その結果、例えば1000個のブロックを数える時に、「2, 4, 6...」と数えたり、「2, 3, 5, 2, 3, 5」とまとめて数えていく、10ずつの山を作るといった行動を自然に取れる小学生は少数派です。昔と比べて乏しい「掛け算の実感」を補う必要があります。
例えば、このような絵を自分で書くことも非常に大事です。 このような図は「学校や塾で説明用に使われるもの」と考える方もいますが、 これは実際に、小学生が自分で書いて、自分で状況を確認する ための図です。

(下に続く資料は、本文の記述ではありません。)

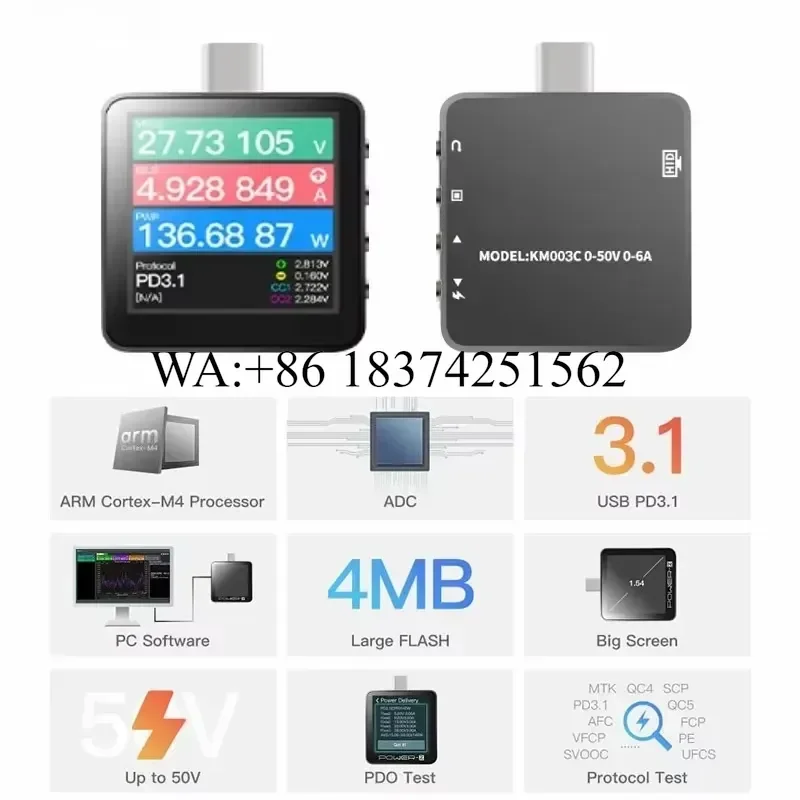 Wmwmnu for KM003C USB Power Tester PD3.1 QC5.0 Protocol Analyzer 48V Dual Type-C Digital Voltage Current Meter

学校のテストでは、必ず「式」と「答え」の欄があります。しかし、この式と答えで算数を考える方法は、小学生にとって非常に困難を伴います。たとえば以下のような簡単な問題があるとします。
例題: 12個のアメで4人分とします。
この時、3人分では何個になるでしょう。
いろいろな出し方がありますが、これを式で表すと、例えばこうなります。
$12÷4=3$、$3 \times 3 = 9$、答え9個
この時、「問題文」から式を作ることはできても、式から問題文を再現することは できません。 数は量だけを示していて、それが何人なのか、何個なのか、どんな状況なのかを削ぎ落としてしまうからです。 しかし、以下のように書けばどうでしょう。
何をしているのか一目瞭然です。数式は「状況を抽象化して表すもの」です。逆に言えば、「状況が把握できていない」のに、数式で答えを出しても算数として解けたことになりません。式の前に、状況を絵などで確認するくせを積んでいけば、実体験による経験の不足を補えます。
「みはじ」は非常に議論の多い、賛否が激しく分かれる手法です。 ただ、これは単に一つの現れに過ぎません。 それ以前の単位あたり量、「何個で何人」というような感覚が非常に薄いまま、式で無理に考えてきた結果だと私は思います。